La guerra nel Golfo Persico assume una dimensione nuova e potenzialmente ancora più disastrosa: le mine navali. Secondo le informazioni disponibili, Teheran starebbe utilizzando diversi tipi di imbarcazioni per minare sistematicamente le acque dello stretto di Hormuz, uno dei passaggi marittimi più importanti al mondo. Non si tratta di una tattica innovativa, ma di un'arma collaudata da secoli che oggi potrebbe avere effetti economici globali senza precedenti.

Malgrado l'arsenale moderno a disposizione delle forze armate contemporanee – dai droni Shahed ai missili teleguidati fino ai sistemi autonomi basati su intelligenza artificiale – il rischio maggiore proviene proprio da questo strumento arcaico ma letale. Una mina navale è incredibilmente semplice: può galleggiare in superficie, stare ancorata sul fondale o rimanere sospesa tra le onde, pronta a esplodere al contatto. Facile da posizionare, praticamente impossibile da recuperare completamente, rappresenta una minaccia invisibile e imprevedibile che trasforma un intero specchio di mare in una zona di pericolo.

Secondo il National Research Council americano, le mine costituiscono «tra le armi più efficaci e letali che una forza navale possa impiegare». L'esperto di strategia marittima Richard Dunley dell'Università del Nuovo Galles del Sud di Canberra sottolinea come questi ordigni siano «straordinariamente efficienti nell'interrompere il traffico marittimo». I numeri lo spiegano da soli: sono economiche da produrre in massa, non necessitano di sistemi di lancio sofisticati e possono essere piazzate da qualsiasi tipo di natante. Il loro principale svantaggio – essere statiche e limitate a zone specifiche – diventa irrilevante quando applicate in stretti strategici come quello di Hormuz.
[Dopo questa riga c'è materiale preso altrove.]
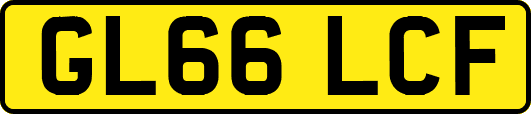 GL66LCF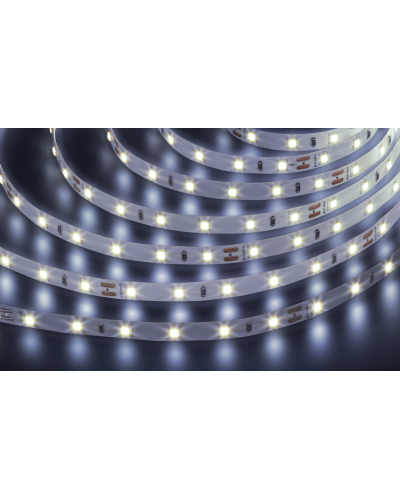 СД Лента Navigator 95 295 NLS-2835CW60-4.8-IP20-24V 5м в Березниках Источники света(Лампы) Pintop.ru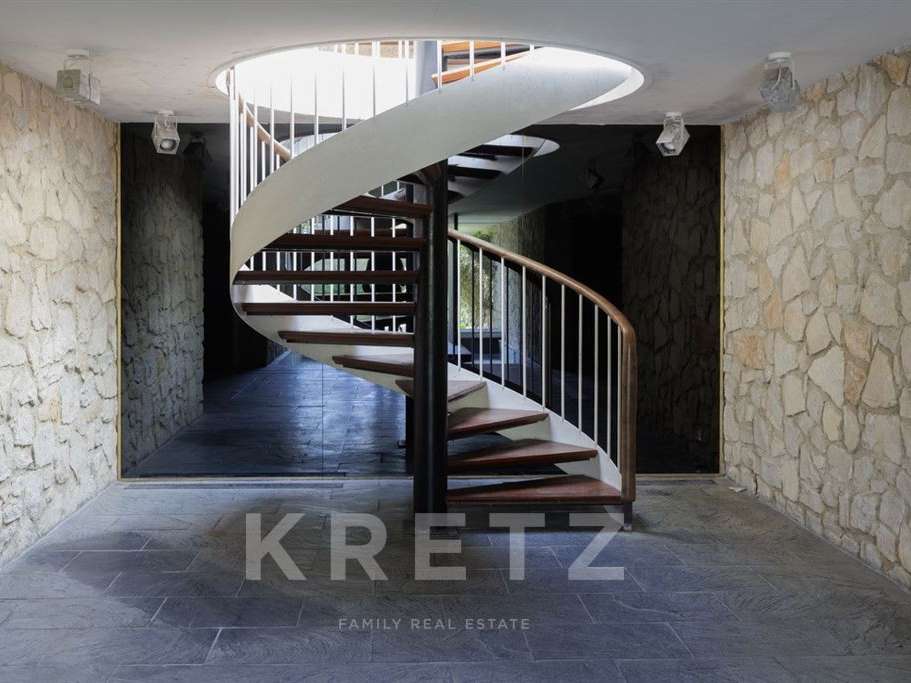 Propriété équestre Varaville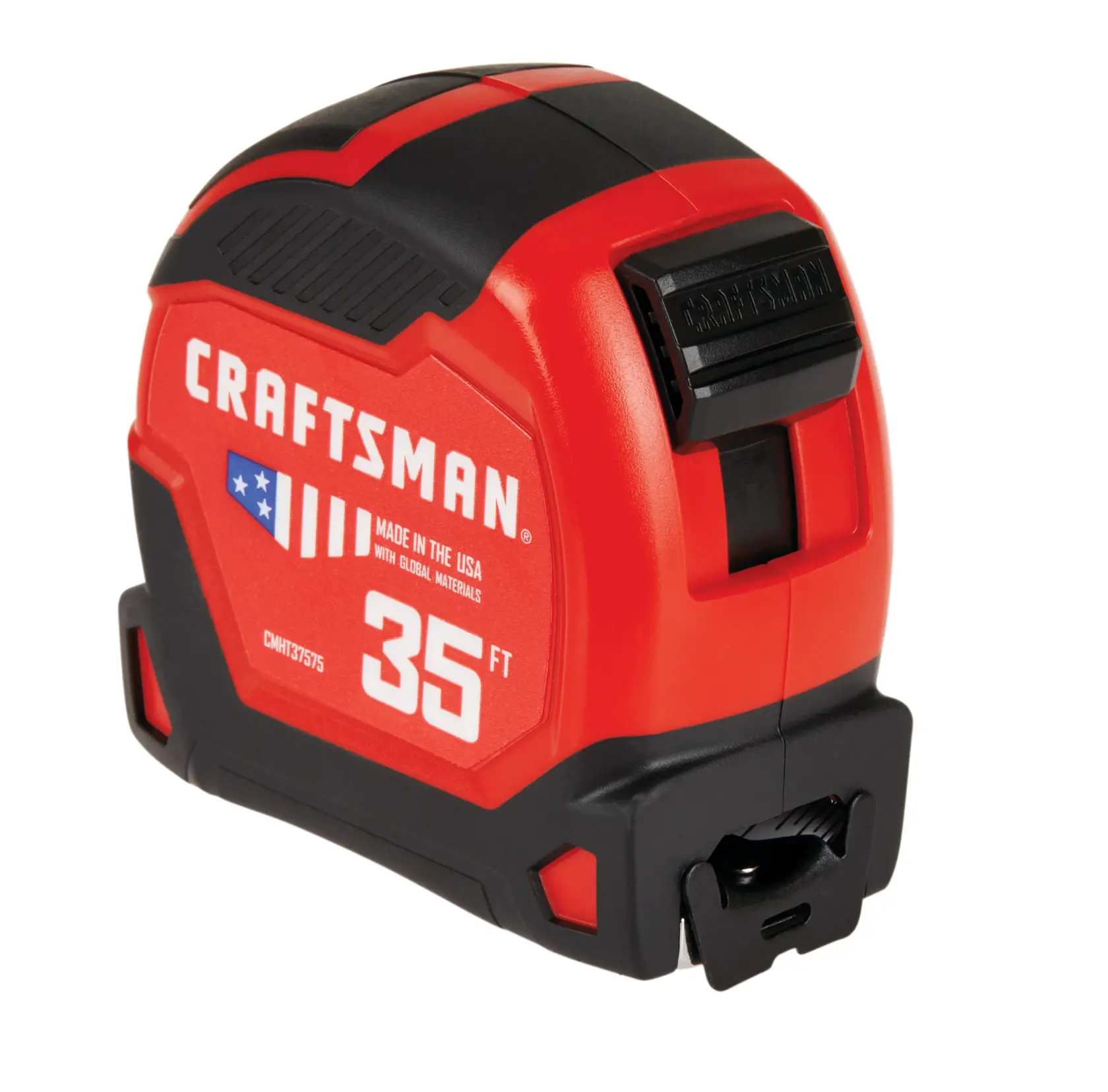 CRAFTSMAN® Ruban À Mesurer De 35 Pi Pro-reach™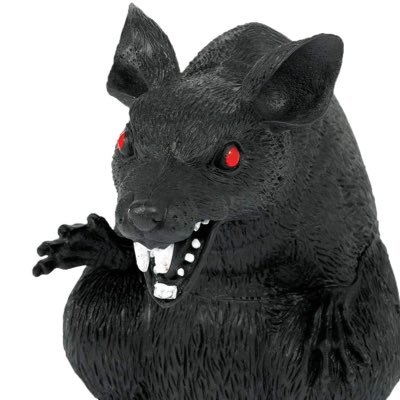 rattaconda's profile picture. Vibe warrior on the astral plane. Free Palestine. | @DSAEmerge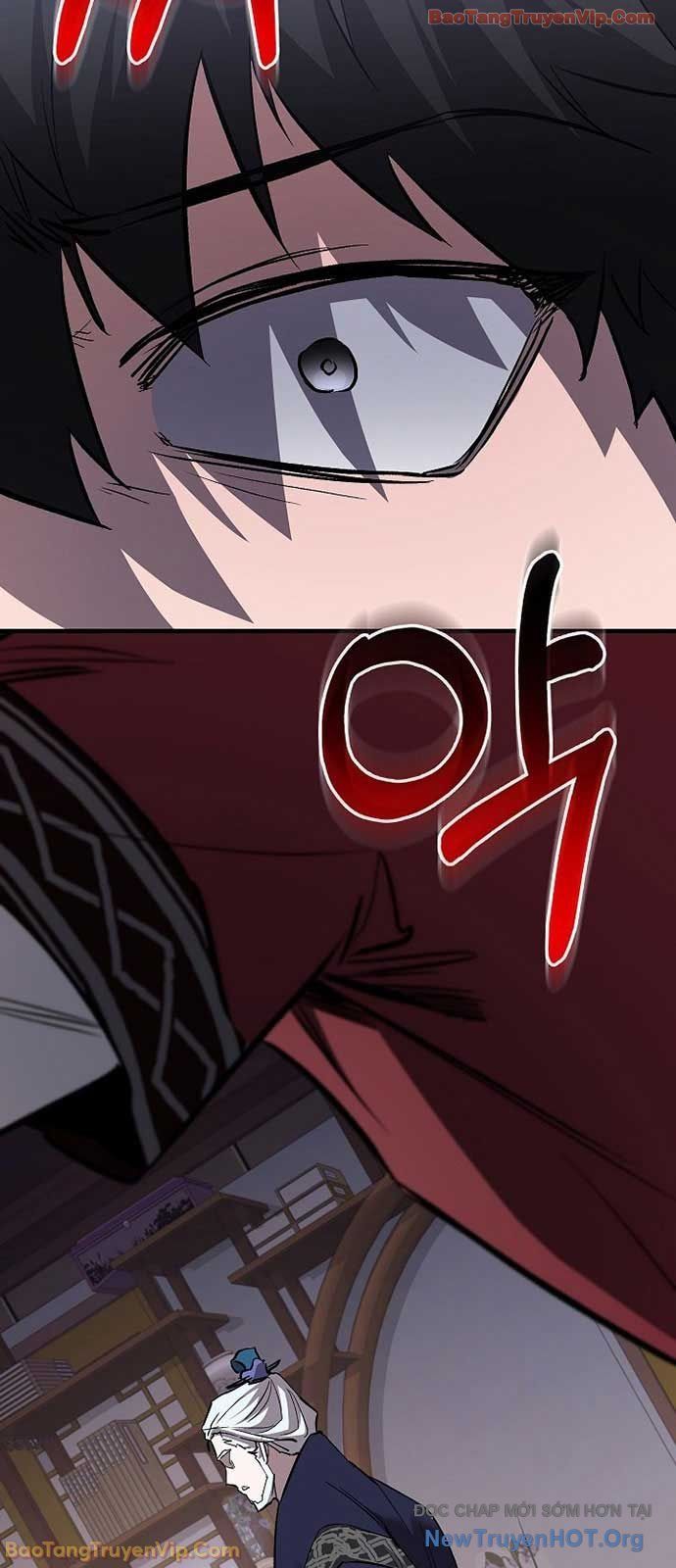 Chapter 72 - Image 91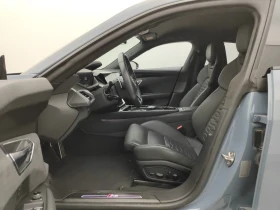 Audi E-Tron GT RS Leather Navi LED 89%SoH, снимка 7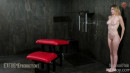Pain Toy Ashley Lane gallery from SENSUALPAIN - #4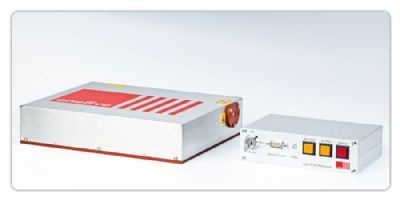 Onefive Origami低噪声孤子飞秒光纤激光器的图?/></a></div> <div class=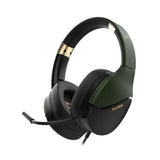 ساديس سماعة الألعاب أس باور SA-725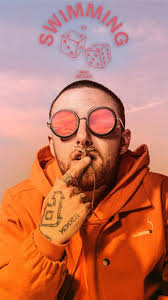 Mac miller shared a photo on instagram: Mac Miller 4k Wallpapers Top Free Mac Miller 4k Backgrounds Wallpaperaccess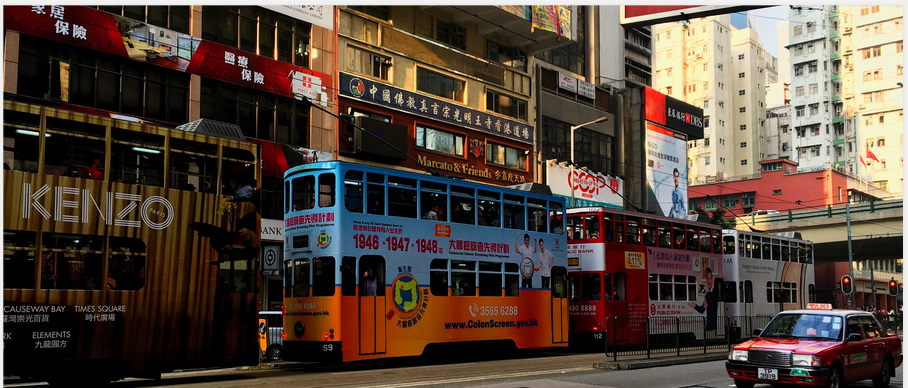 QQ图片20200312182954.png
La storia militare mondiale lo dimostra: dalla Guerra di Crimea alle Guerre Mondiali, dal conflitto vietnamita a quello ucraino fino ad oggi, le mine navali hanno sempre giocato un ruolo cruciale ogni volta che era in gioco il controllo di una costa, di un passaggio o di una rotta commerciale. Quando l'obiettivo diventa il Golfo Persico, le implicazioni cambiano scala. Hormuz rappresenta il collo di bottiglia attraverso il quale transita una percentuale decisiva del petrolio mondiale. Un suo blocco totale, anche temporaneo, avrebbe conseguenze economiche catastrofiche per l'intera economia globale, con disagi che potrebbero protrarsi per mesi o addirittura anni.

La bonifica di un'area minata è un'operazione lentissima, costosa e pericolosa. Non esiste una soluzione rapida. Ogni ordigno deve essere localizzato e neutralizzato singolarmente, un processo che può richiedere tempi lunghi in uno stretto densamente trafficato come quello di Hormuz. Nel frattempo, navi commerciali, petroliere e cargo rimangono fermi nei porti, gli assicuratori rifiutano di coprire i rischi e le catene di approvvigionamento globali si paralizzano. È uno scenario che va molto al di là del conflitto regionale e tocca direttamente la stabilità economica mondiale.